Chemistry

Academician A. E. Arbuzov, F. G. Valitova, A. V. Il’yasov, B. M. Kozyrev,
Yu. V. Yablokov

STUDY OF THE FREE RADICAL α, α-DIPHENYL-β-PENTAPHENYLCYCLOPENTADIENYLHYDRAZYL BY THE E.P.R. METHOD

In a number of works (¹–⁵), the influence of various substituents in free radicals of the hydrazyl series on the characteristics of electron paramagnetic resonance (e.p.r.) spectra was studied. In this connection, primary attention was devoted to the influence of substituents on the e.p.r. line width of free radicals in the crystalline state and on the magnitude of the hyperfine-structure constants (h.f.s.), which characterize the coupling of the unpaired electron with the nitrogen atoms of the hydrazyl. In work (⁴) it was shown that the strongest change in the relative magnitude of the h.f.s. constants from the α- and β-nitrogen atoms is observed when the picryl group is replaced by a triphenylmethyl group. In this case the ratio of the h.f.s. constants proved to be 0.47, as compared with 0.79 for the classical α,α-diphenyl-β-picrylhydrazyl (DPPH). At the same time, in the e.p.r. spectrum of the radical studied, with a triphenylmethyl β-part, in addition to the principal h.f.s. components due to interaction of the unpaired electron with the nuclei of the nitrogen atoms, an additional structure was observed, attributed to the influence of peripheral protons. Because of insufficient experimental data, the proton structure was not discussed in work (⁴).

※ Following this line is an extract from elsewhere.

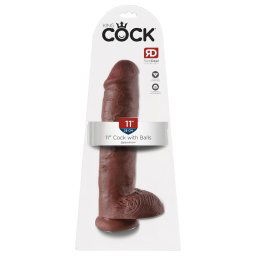 King Cock 11 - duży dildo z przyssawką i jądrami (28 cm) - brązowy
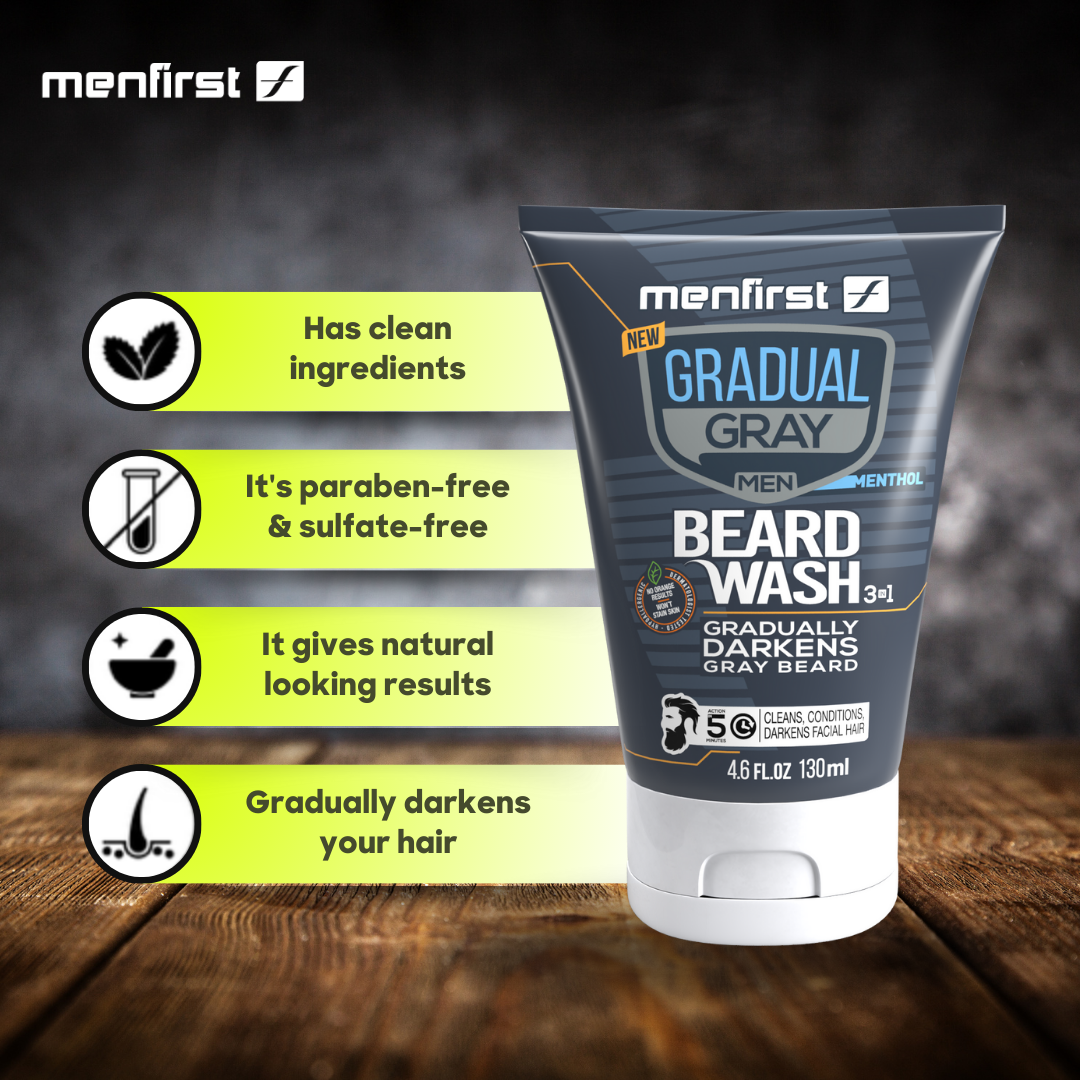 Menfirst Gradual Gray - No More Gray Plus Kit  - 3-in-1 Shampoo, Beard Wash, Beard Balm & Pomade - 4 Pack Bundle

In the present work an e.p.r. study is described of yet another free radical: α, α-diphenyl-β-pentaphenylcyclopentadienylhydrazyl

\[ \text{[structural formula of } \alpha,\alpha\text{-diphenyl-}\beta\text{-pentaphenylcyclopentadienylhydrazyl]} \tag{I} \]

The synthesis of this radical was carried out according to the following scheme:

\[ \begin{aligned} (\mathrm{C_6H_5})_2\mathrm{NH} &\xrightarrow{\mathrm{HONO}} (\mathrm{C_6H_5})_2\mathrm{N{-}NO} \xrightarrow[\text{acetic acid}]{\text{Zn dust}} (\mathrm{C_6H_5})_2\mathrm{N{-}NH_2} \xrightarrow[\text{in } \mathrm{CHCl_3}]{\mathrm{Br{-}C}\left(\mathrm{C_6H_5}\right)\text{–pentaphenylcyclopentadienyl fragment}} \\ &\rightarrow (\mathrm{C_6H_5})_2\mathrm{N{-}NH{-}C}\left(\mathrm{C_6H_5}\right)\text{–pentaphenylcyclopentadienyl fragment} \;(\mathrm{I_h}) \\ &\xrightarrow[\text{in } \mathrm{CHCl_3}]{\mathrm{PbO_2}} (\mathrm{C_6H_5})_2\mathrm{N{-}\dot N{-}C}\left(\mathrm{C_6H_5}\right)\text{–pentaphenylcyclopentadienyl fragment} \;(\mathrm{I}) \end{aligned} \]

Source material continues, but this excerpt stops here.